Set up Docker desktop

  1. Settings => General Use Virtualiszation framework
  1. Settings => Features in development Use Rosetta for x86/amd64 emulation on Apple Silicon

With these two settings you will be able to run docker images.

docker run --platform=linux/amd64 --name MySqlServer -e ACCEPT_EULA=1 -e MSSQL_SA_PASSWORD=Shhhh123 -p 11433:1433 -d mcr.microsoft.com/mssql/server:2022-latest

Docker compose still failing?

When launching containers via Docker compose then you will still encounter the same The requested image's platform (linux/amd64) does not match the detected host platform (linux/arm64/v8) error message.
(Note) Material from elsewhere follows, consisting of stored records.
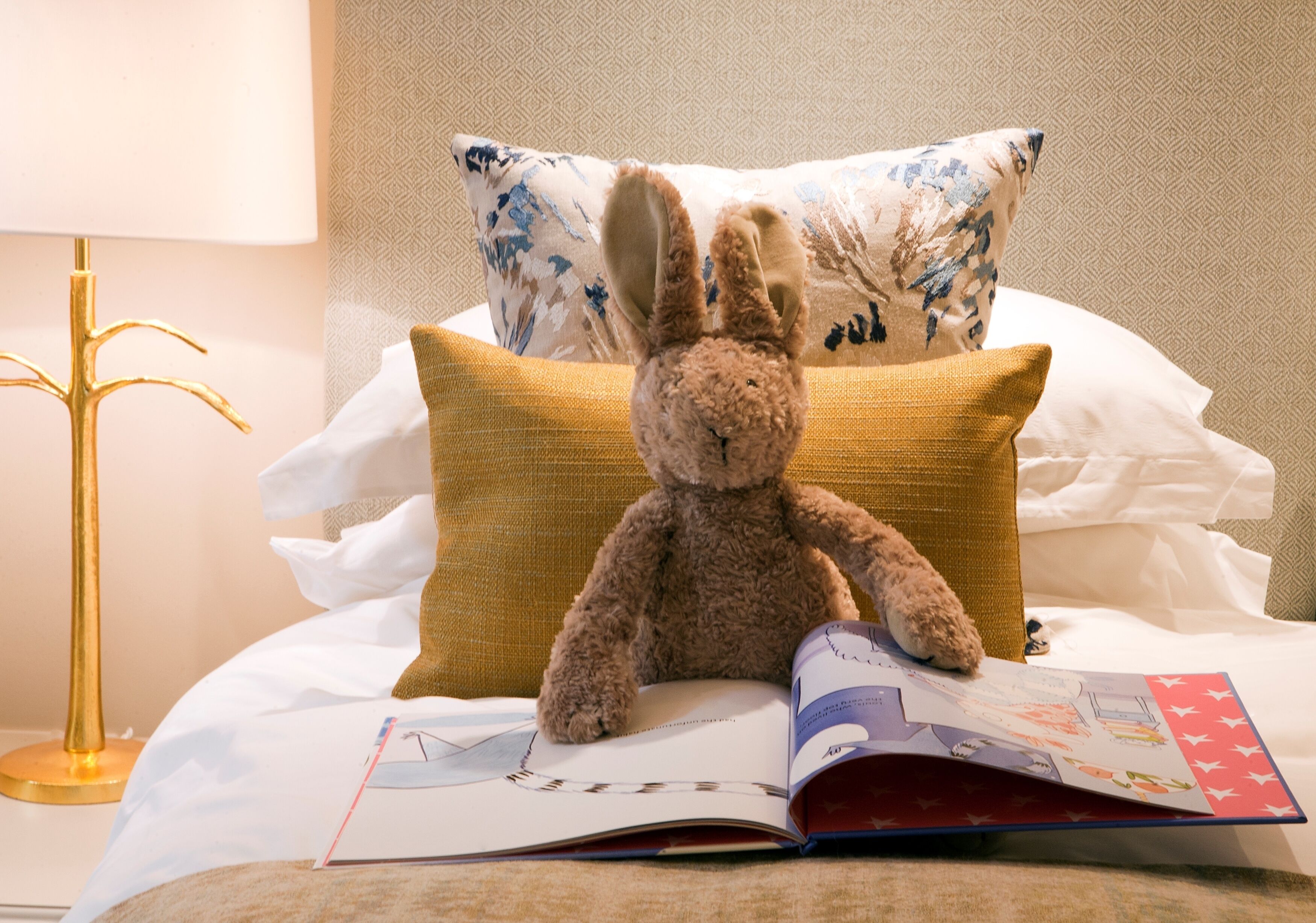 A plush toy on a bed with a book and a lamp.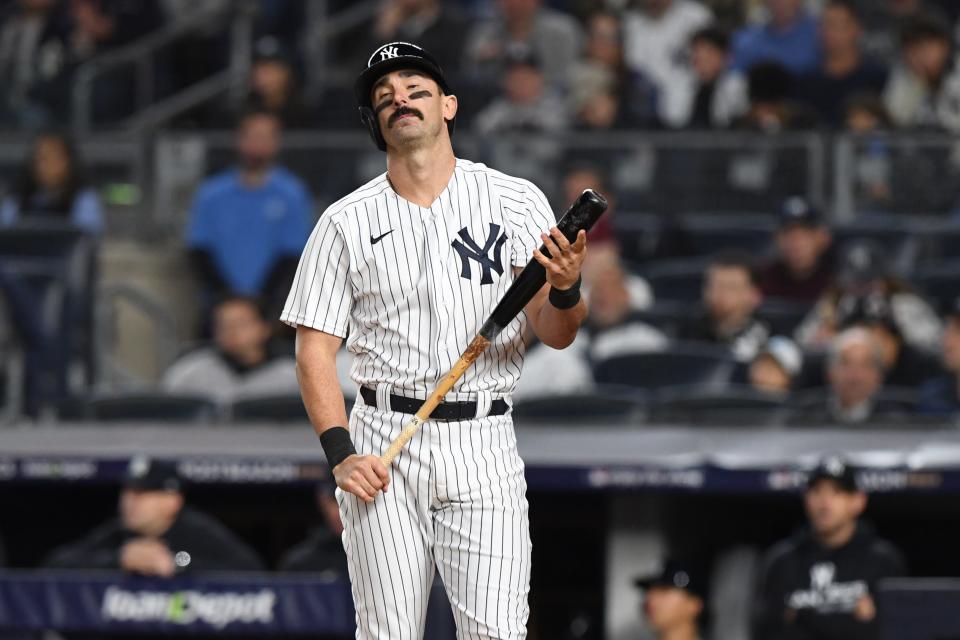 Oct 22, 2022; Bronx, New York, USA; New York Yankees designated hitter Matt Carpenter (24) strikes out in the seventh inning against the Houston Astros during game three of the ALCS for the 2022 MLB Playoffs at Yankee Stadium. Mandatory Credit: Dennis Schneidler-USA TODAY Sports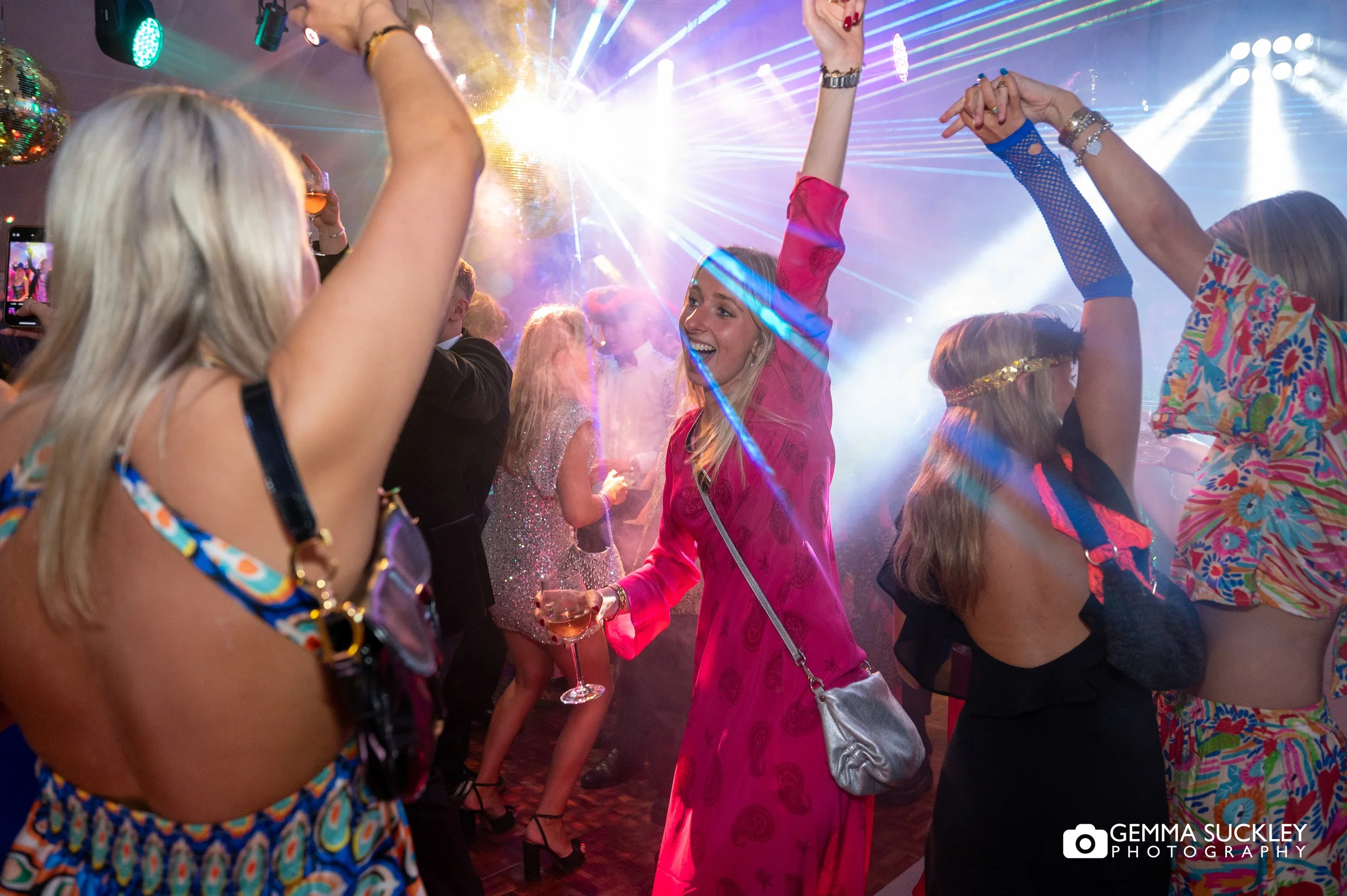 a full dance floor at a yorkshire wedding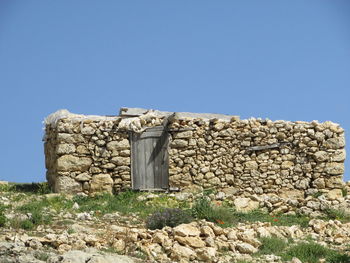 Old stone wall against clear sky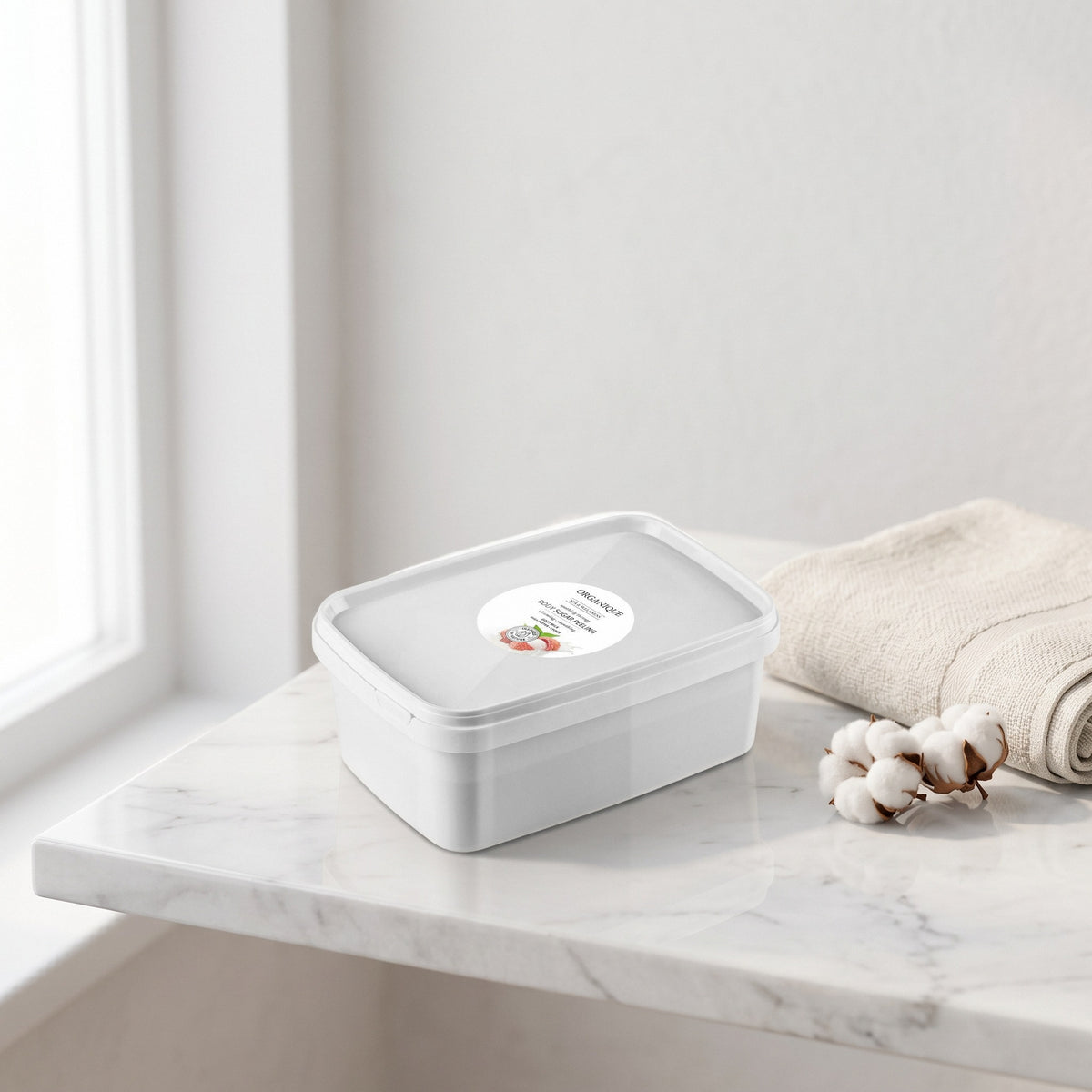 Milk Sugar Scrub 1 kg on a white marble ledge with a linen towel and cotton flowers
✔ Volume "bragidev_mssqlbragidatabase"      Created    0.0s
✔ Container bragidev-bragi-db-1             Started    0.2s
! bragi-db The requested image's platform (linux/amd64) does not match the detected host platform (linux/arm64/v8) and no specific platform was requested 0.0s

This continues to fail as the --platform argument is not being set and it will instead be arm64 (M1). You can change this by setting the DOCKER_DEFAULT_PLATFORM environment variable.

    export DOCKER_DEFAULT_PLATFORM=linux/amd64

Once this has been set then you can docker-compose up and your sqlServer container will fire up!

Right, let’s see what these Apple Silicon chips are capable of!